DH: For our dessert I ordered Multi-Flavored White Chocolate Shells and Crispy Chocolate Rice Pudding. Speaking of yield curves, in my business it’s mostly about banks, though hedge funds and insurance companies are increasingly go-to providers of mortgage funds. How do you see the banks these days, especially given your hard criticism, I’d say bashing of them, during the financial crisis and during the Great Recession.

SG: The big banks are in much better shape today than at any time since the crisis, thank goodness. But the flat yield curve is cutting into their NIM (net interest margin) and trading is too up and down to be a consistent, regular contributor to earnings. They’re in good shape, but I believe they’re still over-leveraged. It’s the smaller banks that I’d be worried about. They have much different funding and liquidity profiles.
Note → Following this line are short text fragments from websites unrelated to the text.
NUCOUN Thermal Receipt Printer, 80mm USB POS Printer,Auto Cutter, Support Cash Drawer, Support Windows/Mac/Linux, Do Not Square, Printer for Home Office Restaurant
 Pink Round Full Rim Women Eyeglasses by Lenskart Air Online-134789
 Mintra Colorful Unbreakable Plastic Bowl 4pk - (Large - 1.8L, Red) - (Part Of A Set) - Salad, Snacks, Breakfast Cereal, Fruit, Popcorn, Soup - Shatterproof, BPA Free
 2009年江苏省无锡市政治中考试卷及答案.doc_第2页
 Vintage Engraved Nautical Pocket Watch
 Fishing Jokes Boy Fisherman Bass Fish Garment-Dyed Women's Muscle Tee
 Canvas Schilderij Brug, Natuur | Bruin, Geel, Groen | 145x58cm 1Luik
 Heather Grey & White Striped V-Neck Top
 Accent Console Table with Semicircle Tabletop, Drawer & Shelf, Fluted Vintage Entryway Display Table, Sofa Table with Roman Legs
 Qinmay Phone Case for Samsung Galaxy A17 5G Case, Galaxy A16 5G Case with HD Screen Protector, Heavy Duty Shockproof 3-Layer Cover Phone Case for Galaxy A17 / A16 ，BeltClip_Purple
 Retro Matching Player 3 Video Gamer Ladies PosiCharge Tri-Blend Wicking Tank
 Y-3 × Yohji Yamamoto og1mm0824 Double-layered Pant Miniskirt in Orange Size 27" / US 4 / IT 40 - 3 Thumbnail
DH: True. Lastly, where do you see equities going? 

SG: I see them going higher as long as the Fed PUTs are in place. If the trade war with China gets resolved, equities will rally in relief, maybe 10%, maybe 20% if the economy looks like it’s still growing. On the other hand, if we don’t get a resolution to the China trade tremors and at the same time tech stocks get the wind knocked out of them by the Justice Department and the FTC on anticompetitive ground shaking, equity markets could drop a good amount lower, as in maybe 10% to 20% lower.

DH: Then I guess we’ll just have to have you back soon to tell us what’s next. Thanks, Shah.